# anybodey have a 8 mm mauser



## jeuck87 (Oct 16, 2006)

i purchased a yugo mauser a few years back and love it. i was wondering if anybodey has scoped theres and if there was a way they did it. i talked to a gunsmith and he said that he wouldnt tap it because it would conflict with the safety. but they scoped the crap out of them in ww2. i was also planning on buying another to modernize to deer hunt with but i cant find them anymore. they used to be everywhere


----------



## Savage Rookie (Oct 10, 2006)

i have a mauser built rifle...6mm tho not 8mm. Interarms Mark X Commercial Mauser



















you can see where they tapped for a scope here, see are burris bases don't know the model at all.

its forsale too...


----------



## DuaneinND (Jan 22, 2005)

Your Mauser can be drilled an tapped fopr scope mounts, the safetyand the bolt handle will need to be alter, or the scope will have to be mounted very high above the receiver to clear.


----------



## bwnelson (Oct 29, 2002)

Aftermarket Mod 70 style 3 position wing safeties can be found for '98 Mausers for around 100 bucks. Fixes scope clearance problems in a hurry.


----------



## jeuck87 (Oct 16, 2006)

thanks for the reply yall....is there any specific place to find that bolt for them.


----------



## Chestnut (Aug 9, 2006)

Have a gunsmith cut it off and weld a new one on. That's what I had done on an old Turkish Mauser in 8mm. (Now it's rebarreled to .25/06)

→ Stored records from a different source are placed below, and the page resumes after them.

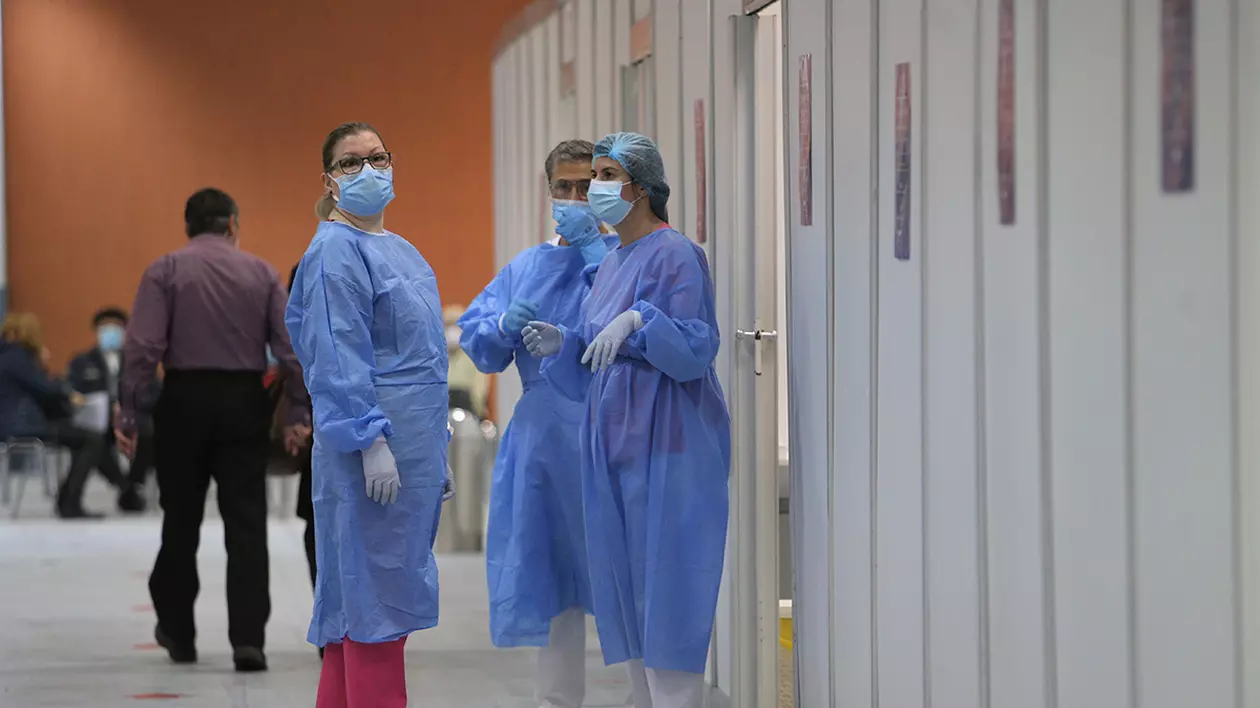 Nou record negativ al vaccinării. Sub 5.000 de români s-au imunizat cu prima doză, în ultimele 24 de ore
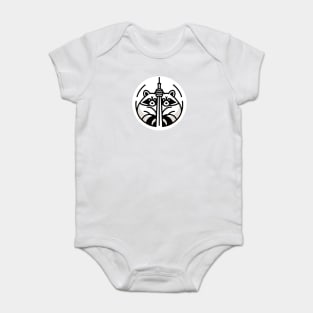 Toronto - CN Raccoon Baby Bodysuit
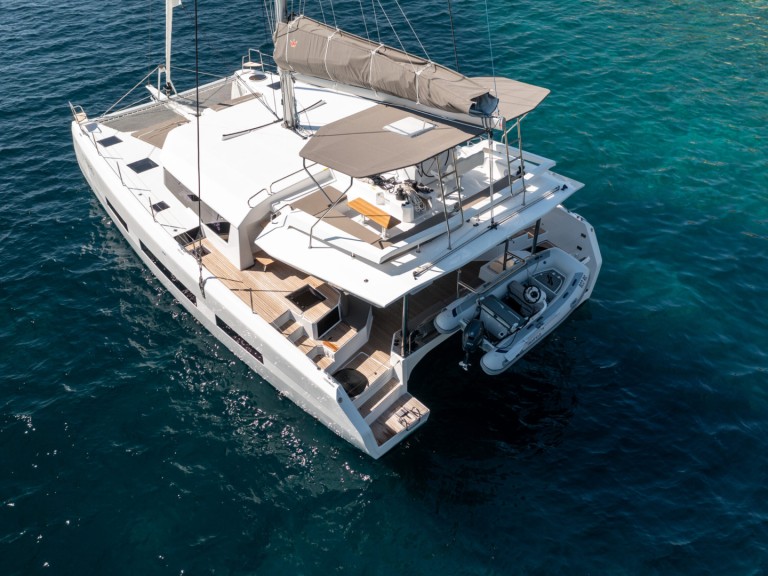 Catamaran rental in Capo d'Orlando - Dufour Dufour Catamarans 48 Sail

Or, if you are cheap and not worried about quality, I think Cabelas sells a plastic stock for the Mauser 98's that incorporates a scope base in the upper handguard. For what it's worth, which it 59.95.


----------



## clampdaddy (Aug 9, 2006)

Any gunsmith should be able to bend the bolt for you. I'm no gunsmith but I've done two mausers and an 03 springfield myself. My old shooting mentor had a set of bolt forgeing blocks and showed me how to do it on one of his own and made me do mine by myself. the main thing to remember is to heat the handle fast to keep the heat from satureateing the bolt body and locking lugs (very,very important) and not to quench the metal afterwards. Final scope clearance fitting is required and is best done with a small air sander and then a final polish with a feather wheel or a dremmel tool with the polishing compound that the tool comes with. We used aftermarket safety levers that only cost about twentyfive bucks apiece and they've worked fine. Another option that I'm trying on my latest project is to leave the military saftey (it makes bolt disassembly much easier) and install an aftermarket trigger that has a side saftey on it. Taping the action for scope mounts shouldn't be a problem, but if the gunsmith doesn't sound confident about it you should take it to another smith that is. There's nothing worse than getting back an action that has the holes drilled off center by a "gun smith" who thinks that the job can be done by eyeballing it and going after it with a drill press. Ask the smith if he has a scope mount taping jig for your action and don't leave your action there unless he does.


----------



## caribukiller (Oct 30, 2006)

in winnipeg at S.I.R you can buy a k98 for like $300 canadian and they sell mounts and stocks for them too


----------



## caribukiller (Oct 30, 2006)

the mounts are made by b-square i don't know whear the mount to but you can chek out www.srimailorder.com it's a big sporting goods store


----------